Servant Leaders was the topic of the next session. “Servant” means they are guiding others to success and growing their sports group as a whole. The speakers in this exercise were Vice President of Government Affairs Amilyn Pierce for the Dbacks and the Assistant Coach of Ottawa University, Dra Rogers. In the Vester Hall, they ask the groups to get into smaller groups of 5 to 7. Then the students were asked to discuss what attributes a servant leader has. One discussion was over a representative of each group talking about what they believed being a servant leader meant. The gist of what was said is that they must have their heart in it, be kind, honest when needed, and have an overall positive attitude. The purpose was to discover qualities that athletes want to see in their teammates. Even if the athletes aren’t captains, they can still be examples.

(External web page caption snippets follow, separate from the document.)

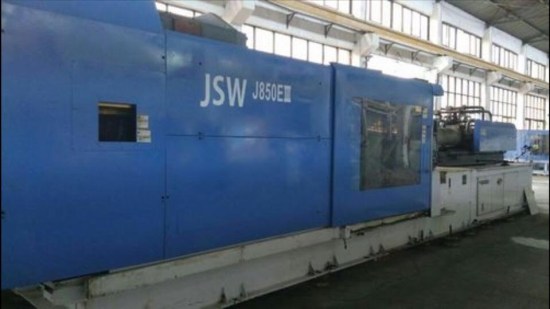 Injection molding machine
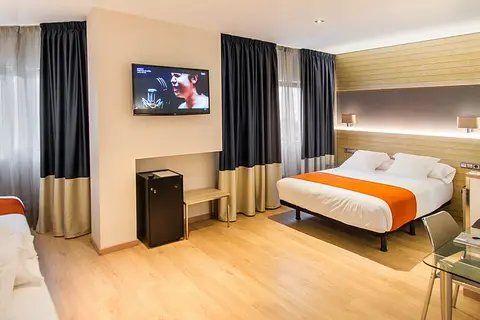 Hotel Avenida in A Coruña — foto 26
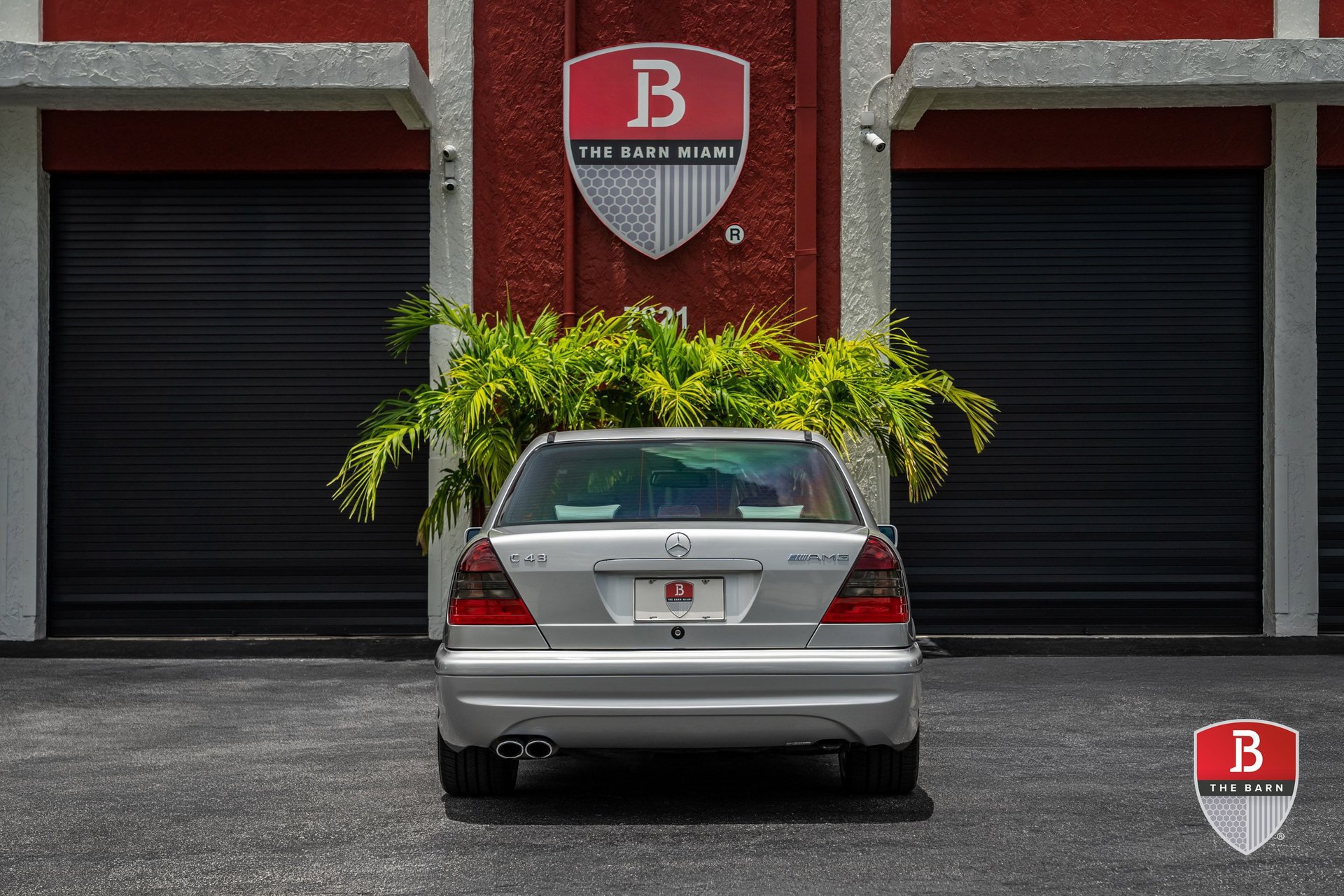 Used 1999 Mercedes-Benz C 43 AMG Sedan image 9
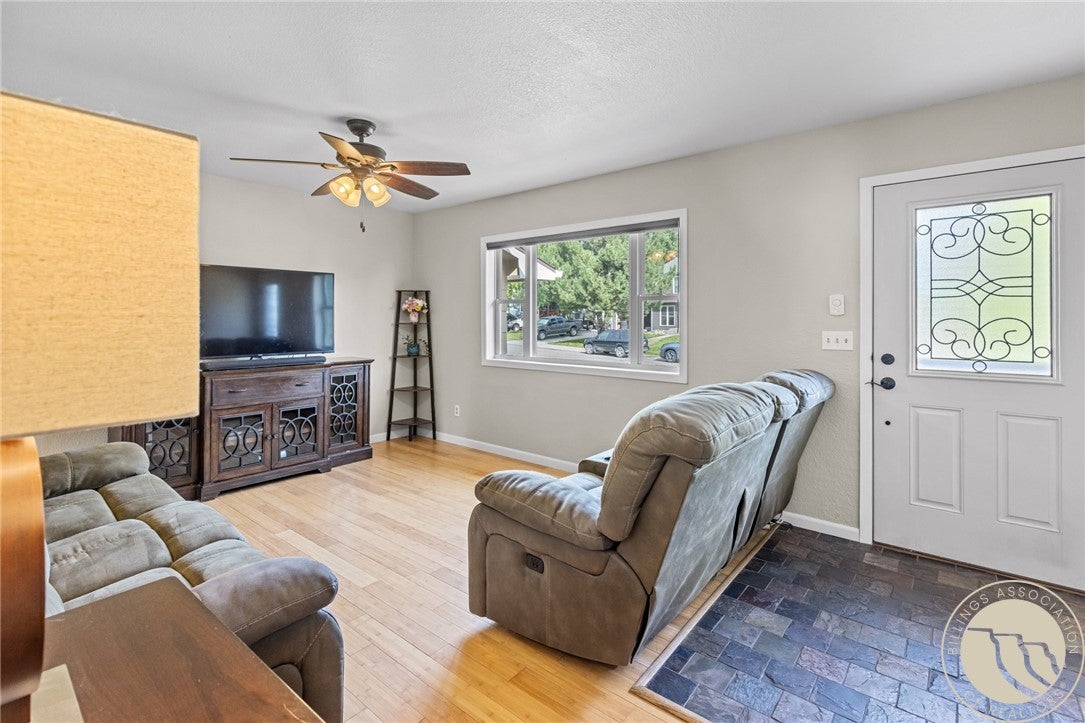 332 Caravan Avenue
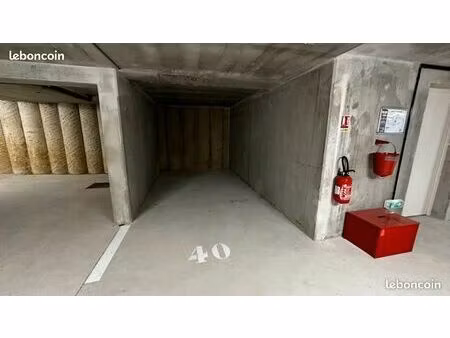 vente place de parking souterrain sécurisée  possibilité borne électrique - montpellier (p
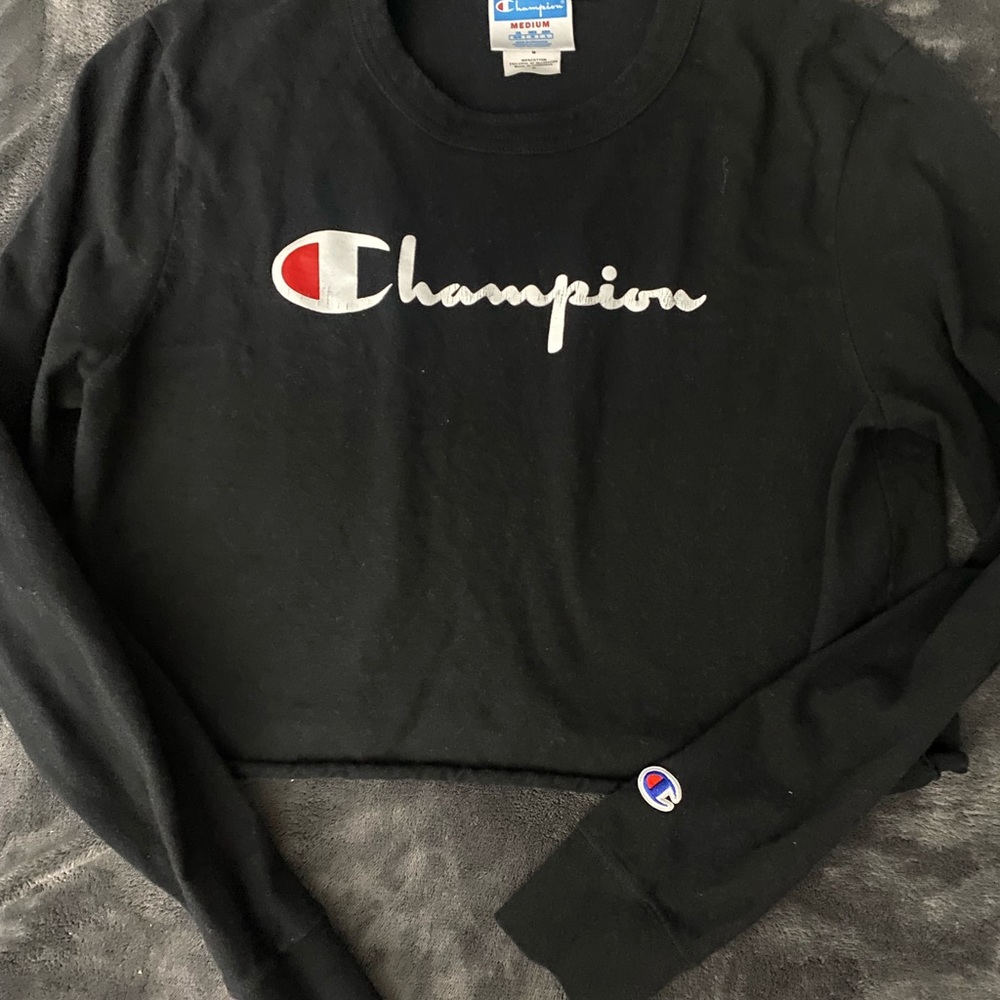 ✨Champion Long sleeve crop top✨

The final session of the list is future planning with Omari Pearson in the Post 1 & 2 room. He was realistic with every group and told them to think about the hard questions of choices a student will have to make. A lot of school questions such as what college, job, and salary, a student would like. They were given a pen and paper to plan it out. Expecting they weren’t planning for themselves, they planned their partners’ lives that they were paired up with. The pairs helped find out what the other wanted to do in life, a list of colleges they were interested in, the GPA the person must have in order to go to those colleges, and more. Pearson mentored everyone and told many stories about his life, plus his predecessors. The session gave the athletes a better idea of what they want and how to help others find their callings too.
After the groups went through all the breakout sessions, they went back to the Founders Hall where it all began. Here, many things were discussed; the closing notes about thanking all the students for coming here, all the wonderful people who made it happen, how to become a SLAC member, and how they hope they would pass on this information to their own schools to better them as a whole, and to maybe change some views and mindsets of Vipers.